▶ [Material provided]:
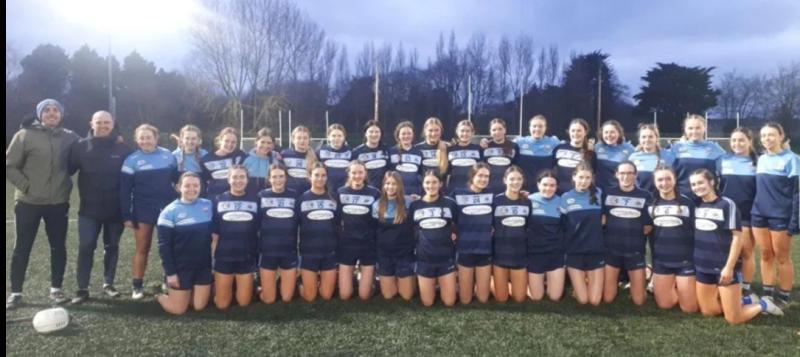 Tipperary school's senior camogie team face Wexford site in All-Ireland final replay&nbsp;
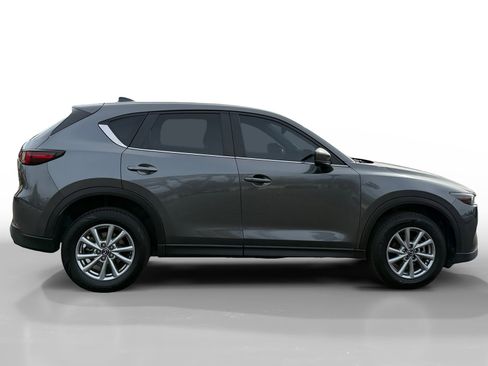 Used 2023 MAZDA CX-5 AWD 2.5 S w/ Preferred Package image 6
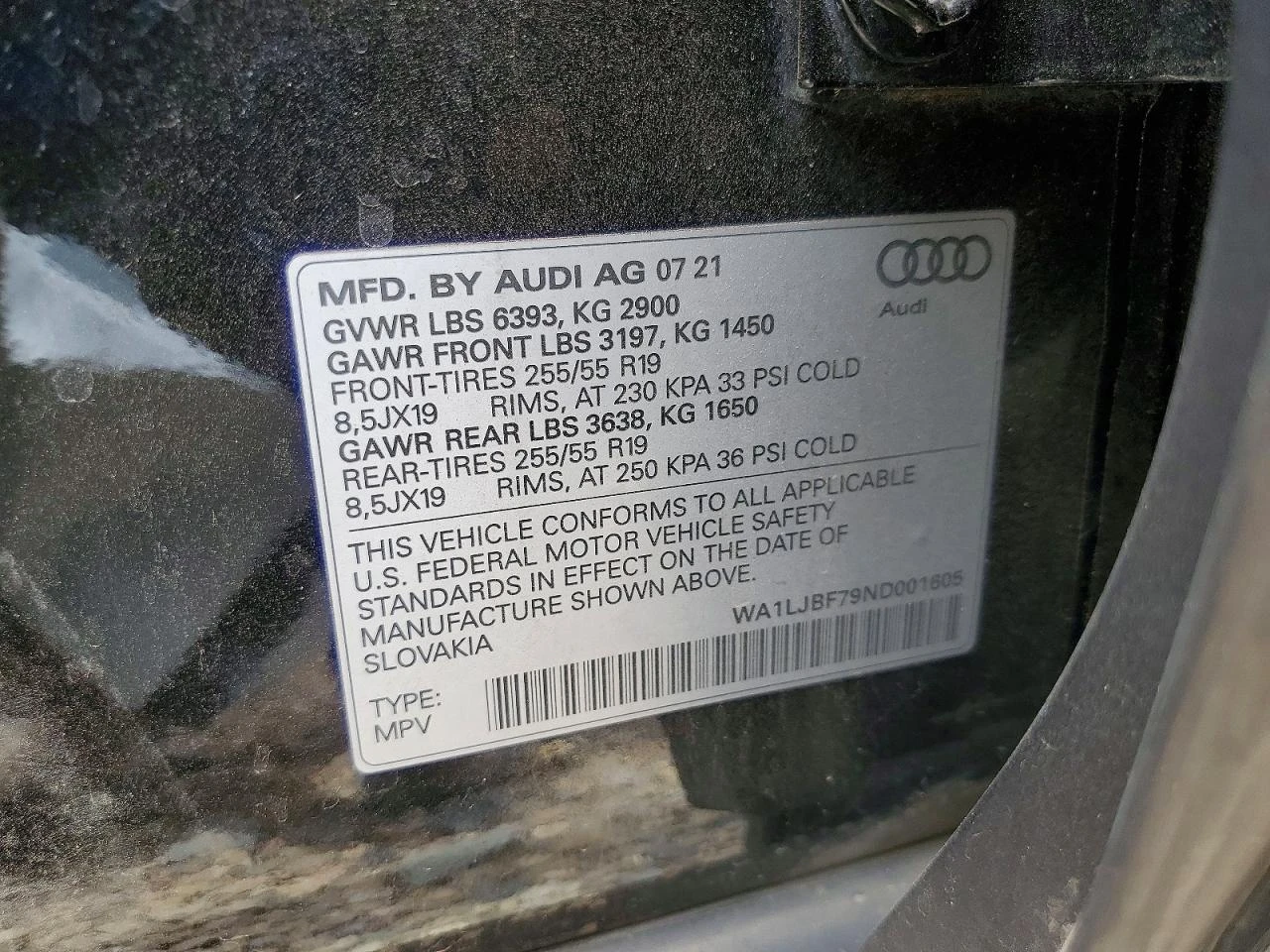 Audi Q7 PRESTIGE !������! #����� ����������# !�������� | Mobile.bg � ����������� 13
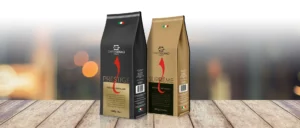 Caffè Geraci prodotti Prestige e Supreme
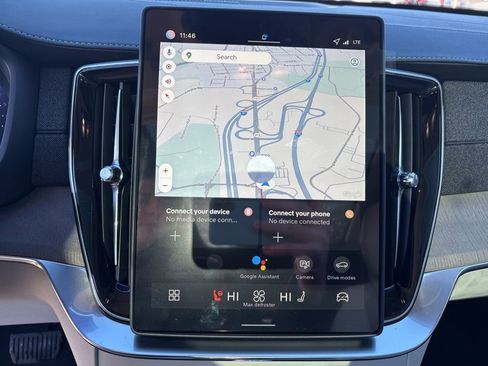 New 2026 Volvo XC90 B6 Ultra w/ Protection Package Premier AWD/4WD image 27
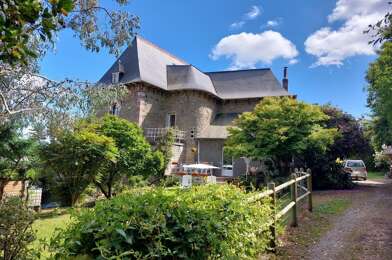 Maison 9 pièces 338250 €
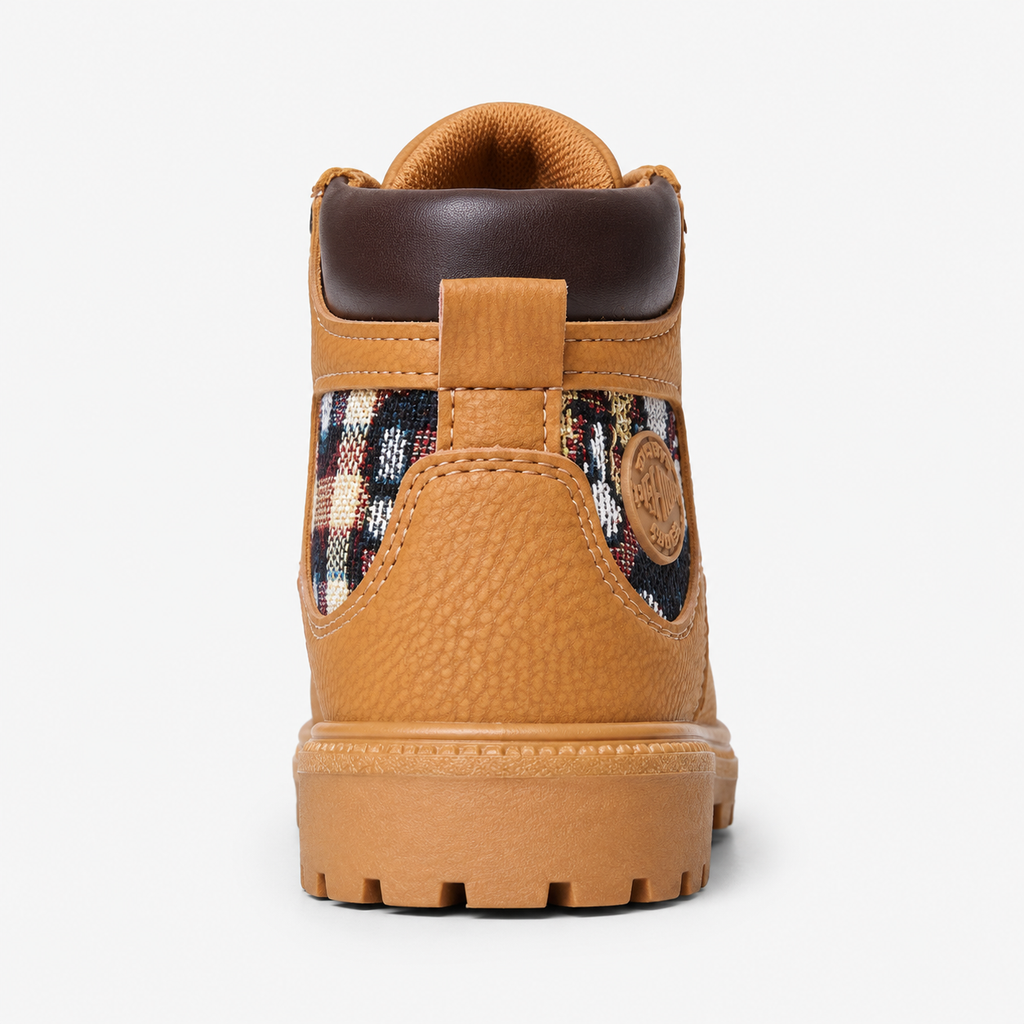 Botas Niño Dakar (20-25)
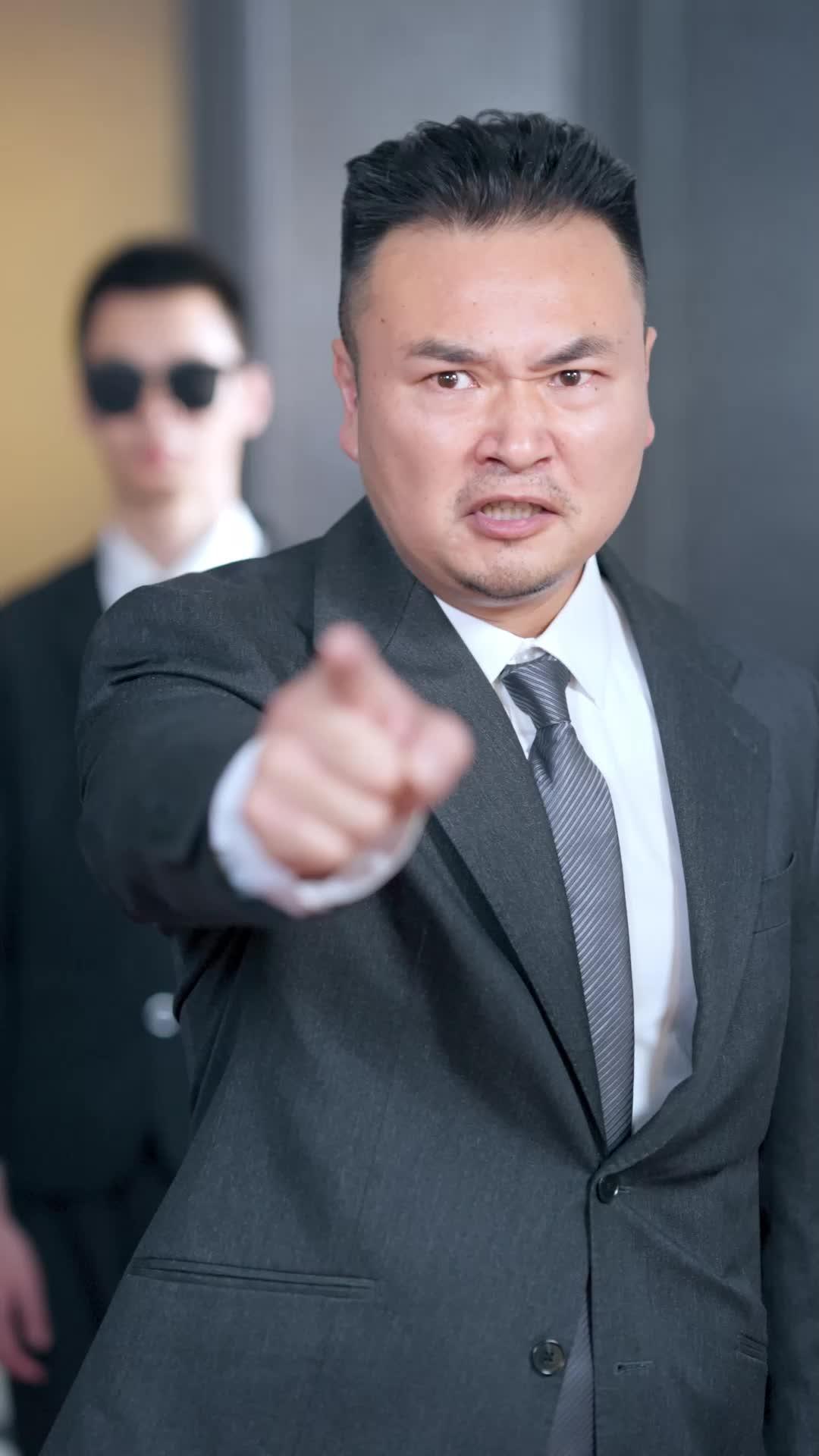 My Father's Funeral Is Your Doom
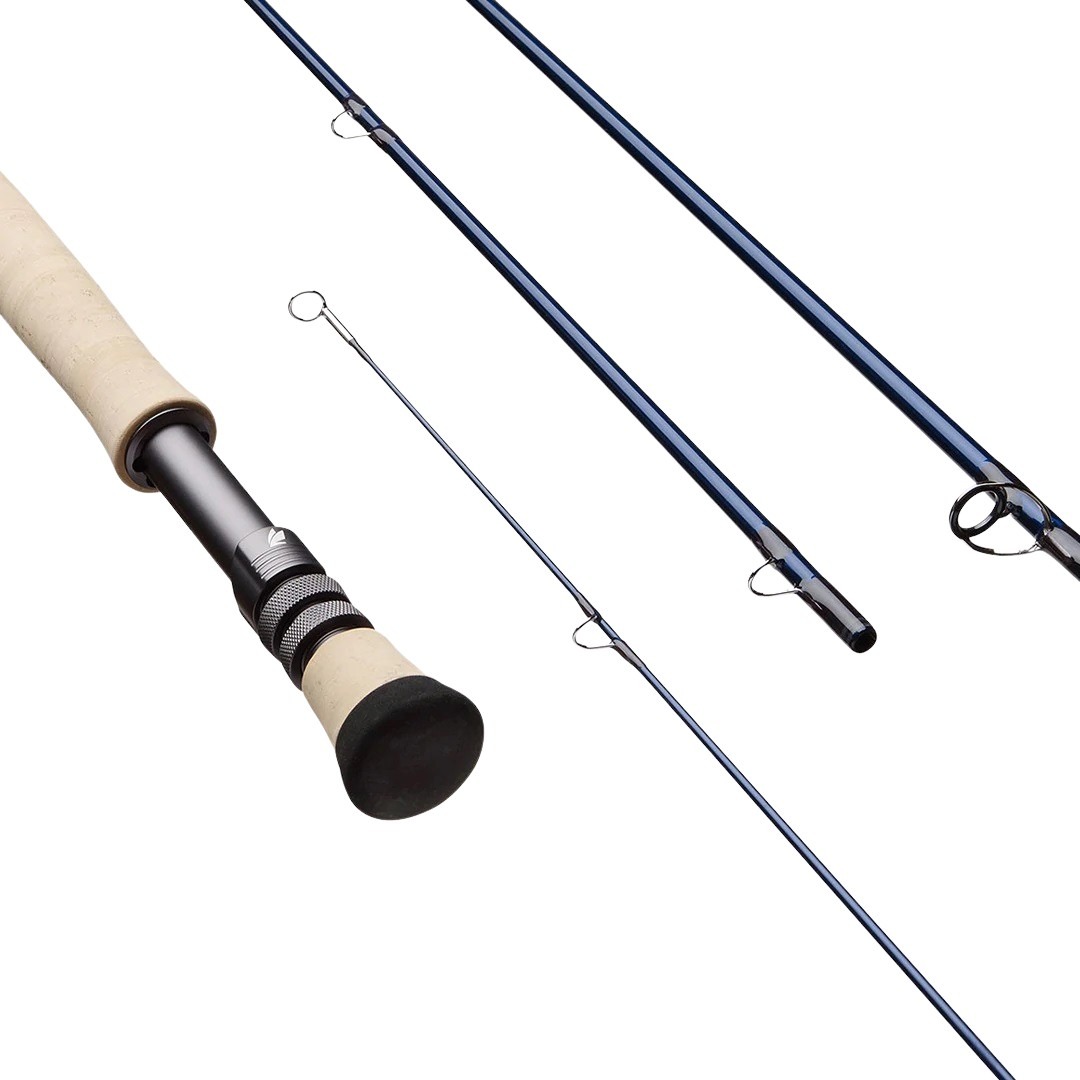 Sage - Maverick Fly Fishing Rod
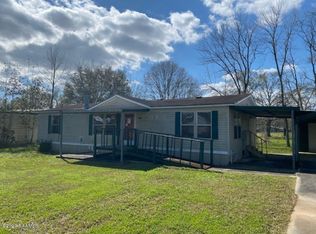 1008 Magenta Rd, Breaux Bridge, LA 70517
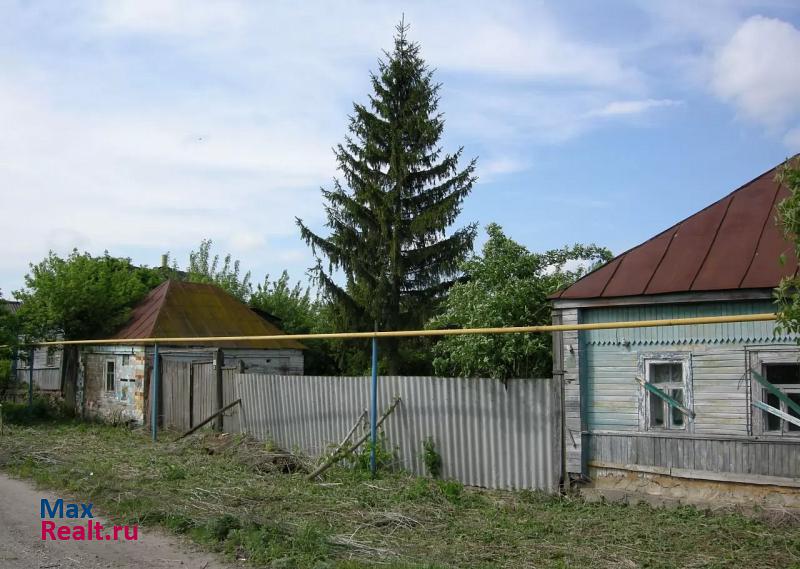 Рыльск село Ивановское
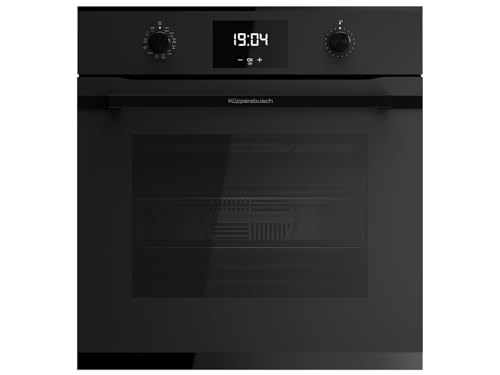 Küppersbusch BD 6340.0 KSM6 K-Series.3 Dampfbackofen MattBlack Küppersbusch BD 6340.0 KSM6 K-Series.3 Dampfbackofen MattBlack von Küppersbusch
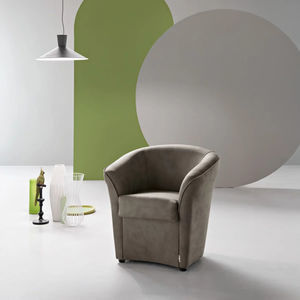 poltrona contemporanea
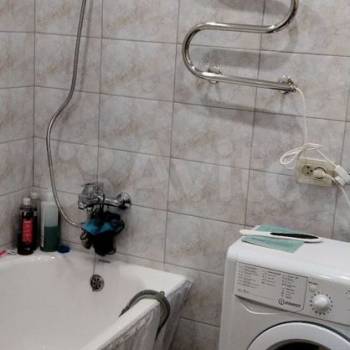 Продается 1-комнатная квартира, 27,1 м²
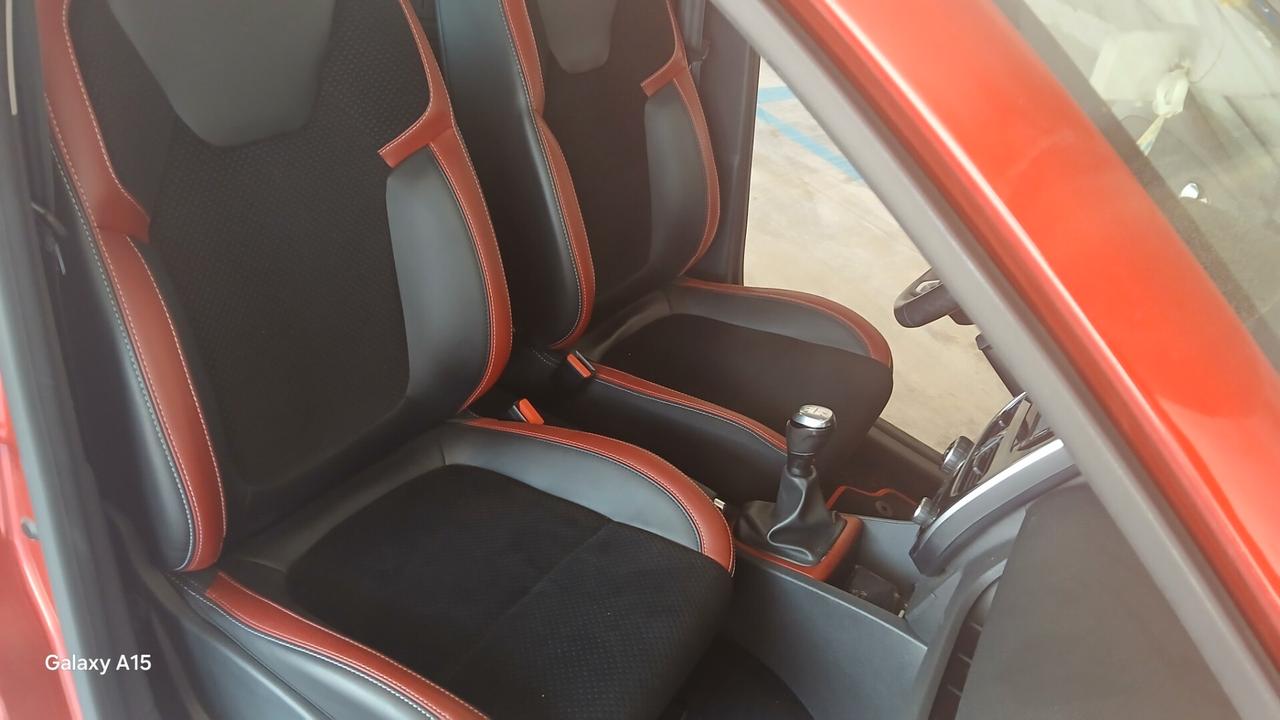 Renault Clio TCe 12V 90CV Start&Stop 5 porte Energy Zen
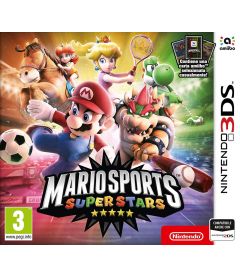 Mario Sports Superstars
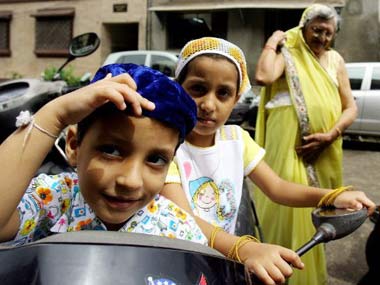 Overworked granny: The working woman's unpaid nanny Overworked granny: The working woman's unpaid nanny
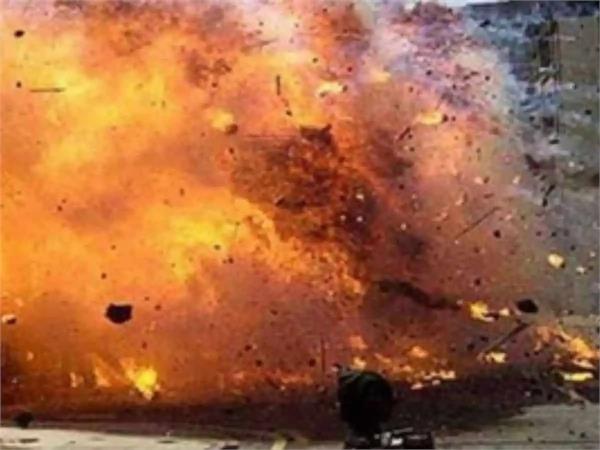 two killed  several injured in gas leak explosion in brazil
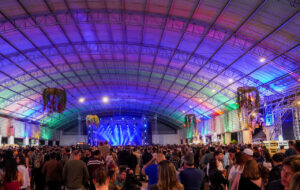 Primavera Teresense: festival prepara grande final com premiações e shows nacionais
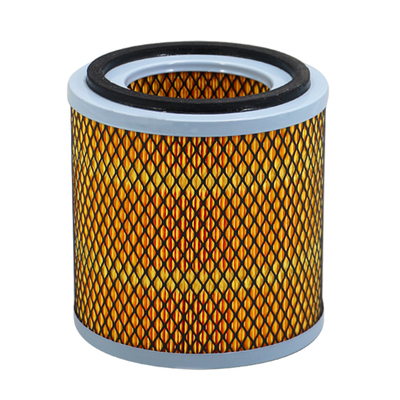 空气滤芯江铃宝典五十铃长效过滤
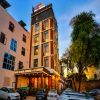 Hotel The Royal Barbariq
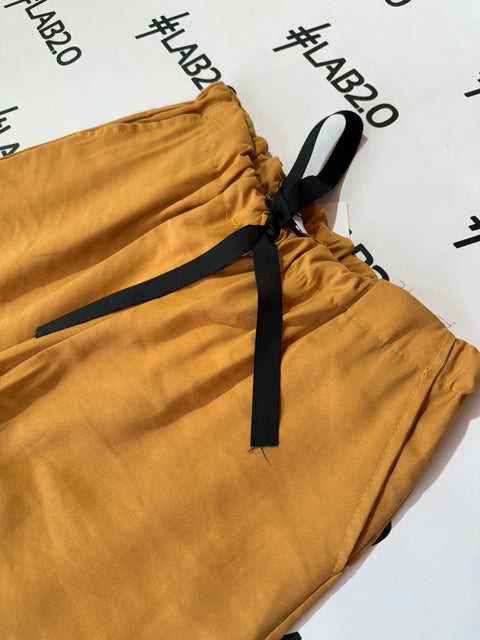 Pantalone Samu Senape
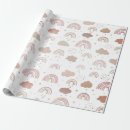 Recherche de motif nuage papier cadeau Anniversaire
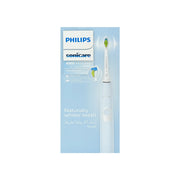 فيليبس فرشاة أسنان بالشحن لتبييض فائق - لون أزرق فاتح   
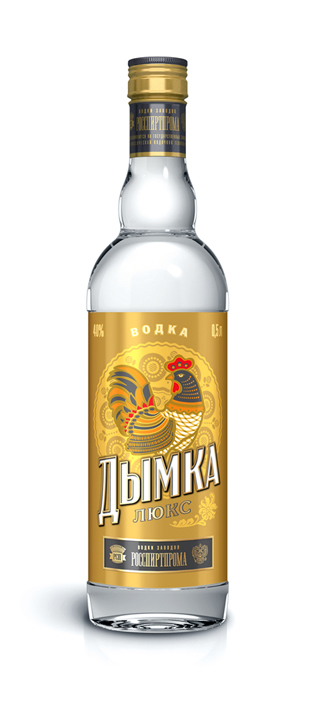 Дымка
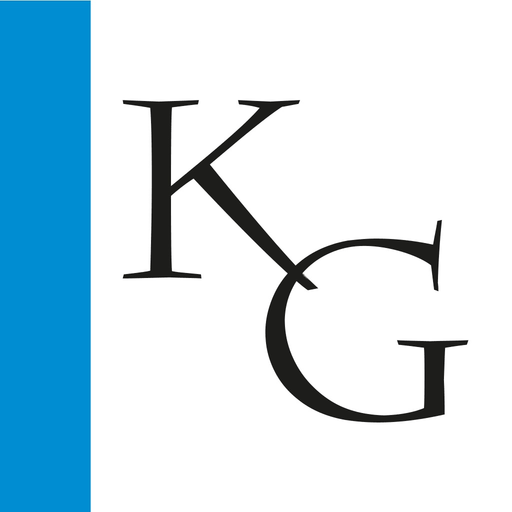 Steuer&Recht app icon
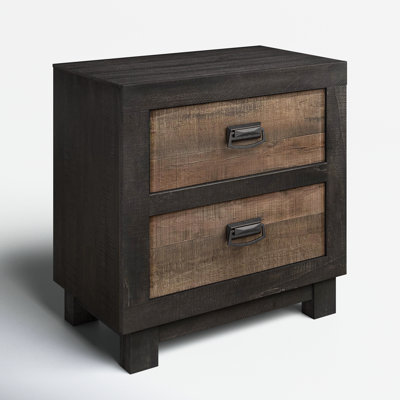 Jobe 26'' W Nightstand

▶ [Exercise instructions]: Using the listing above, repeat word for word each line from the one with "Caffè Geraci prodotti Prestige e Supreme" down to the one with "Recherche de motif", both included. Omit all pictures.

▶ [The answer]:
 Caffè Geraci prodotti Prestige e Supreme
 New 2026 Volvo XC90 B6 Ultra w/ Protection Package Premier AWD/4WD image 27
 Maison 9 pièces 338250 €
 Botas Niño Dakar (20-25)
 My Father's Funeral Is Your Doom
 Sage - Maverick Fly Fishing Rod
 1008 Magenta Rd, Breaux Bridge, LA 70517
 Рыльск село Ивановское
 Küppersbusch BD 6340.0 KSM6 K-Series.3 Dampfbackofen MattBlack Küppersbusch BD 6340.0 KSM6 K-Series.3 Dampfbackofen MattBlack von Küppersbusch
 poltrona contemporanea
 Продается 1-комнатная квартира, 27,1 м²
 Renault Clio TCe 12V 90CV Start&Stop 5 porte Energy Zen
 Mario Sports Superstars
 Overworked granny: The working woman's unpaid nanny Overworked granny: The working woman's unpaid nanny
 two killed  several injured in gas leak explosion in brazil
 Primavera Teresense: festival prepara grande final com premiações e shows nacionais
 空气滤芯江铃宝典五十铃长效过滤
 Hotel The Royal Barbariq
 Pantalone Samu Senape
 Recherche de motif nuage papier cadeau Anniversaire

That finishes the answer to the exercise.